Twitter reported revenue of $595 million for the first quarter of 2016, which is up 36 percent year-over-year but missed Wall Street’s estimates of $608 million.

Twitter co-founder Jack Dorsey.
Twitter co-founder Jack Dorsey.

“Revenue came in at the low end of our guidance range because brand marketers did not increase spend as quickly as expected in the first quarter,” the company noted.

The social media giant did beat expectations for profit with $0.15 earnings per share and for user growth, reporting monthly active users at 310 million, up 3 percent year over year and up from 305 million last quarter.

But investors are likely not happy with Twitter’s Q2 outlook, as the company expects revenue of $590 to $610 million, well below the $678 million that analysts expected.

“We see a clear opportunity to increase our share of brand budgets over time,” Twitter noted in the earnings release. “We have a strong product roadmap designed to tap into incremental brand-oriented online video budgets, and will deliver additional features for advertisers later this year — including more detailed demographic targeting and verification, and reach and frequency planning and purchasing.”

You can read the shareholder’s letter here.

Twitter’s struggles to impress Wall Street and add new users date back to one year ago, when the company’s earnings report disappointed Wall Street as its stock began a huge dive, reaching an all-time low of $14.31 in February. Shares are down more than 65 percent in the past year.

Last quarter, Twitter actually saw its user base dip from 307 million to 305 million, excluding users who use Twitter’s “SMS Fast Followers” service. It was the first time Twitter’s monthly active user count dropped quarter-over-quarter.

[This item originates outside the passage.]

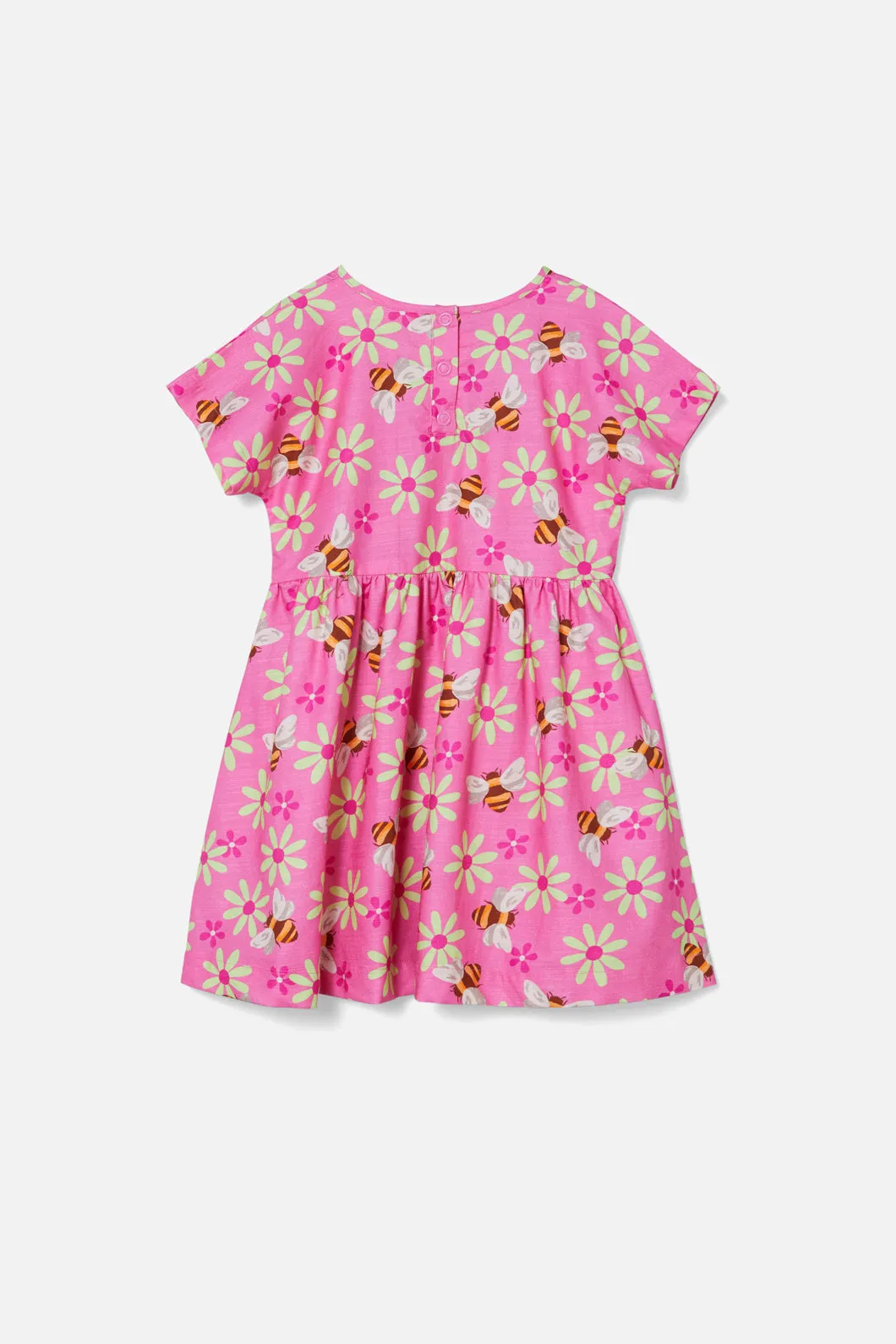 Kids Dress with Busy Bees Pattern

Twitter this year has implemented a number of changes, both internally and to its product. In January, Twitter’s executive team went through an upheaval, as its head of engineering, head of media, head of product, head of human resources, and head of Vine departed.

To attract more users, Twitter in February announced a new feature that highlights “important” tweets above the normal timeline that shows tweets in chronological order. The idea is to surface the “tweets you’re most likely to care about,” according to Twitter.

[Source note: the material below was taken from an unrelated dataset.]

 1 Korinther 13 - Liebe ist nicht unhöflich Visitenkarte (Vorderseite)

There are other possible changes to Twitter’s product on the horizon, like increasing the tweet character limit from 140 to 10,000.

Twitter also inked a streaming deal with the NFL earlier this month.

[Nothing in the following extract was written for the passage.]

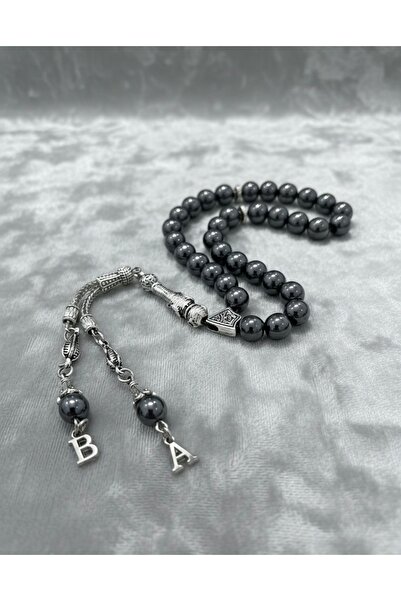 QELA COLLECTION Kişiye Özel Harfli Hematit Tesbih Küre Kesim – Harfli – Karto...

From today’s shareholders letter:

As we outlined last quarter, we’re focused on what Twitter does best: live. Twitter is live: live commentary, live connections, live conversations. Whether it’s breaking news, entertainment, sports, or everyday topics, hearing about and watching a live event unfold is the fastest way to understand the power of Twitter. Twitter has always been the place to see what’s happening now and our continued investment in live will strengthen this position. By doing so, we believe we can build the planet’s best daily connected audience. A connected audience is one that watches together, and can talk with one another in real time.

This is our first quarterly update after laying out our long-term strategy and priorities. As a reminder, we have five priorities for the year: refining our core service, live-streaming video, creators and influencers, safety, and developers. Each is critical to strengthening our platform and audience around live. We made meaningful progress across each in Q1.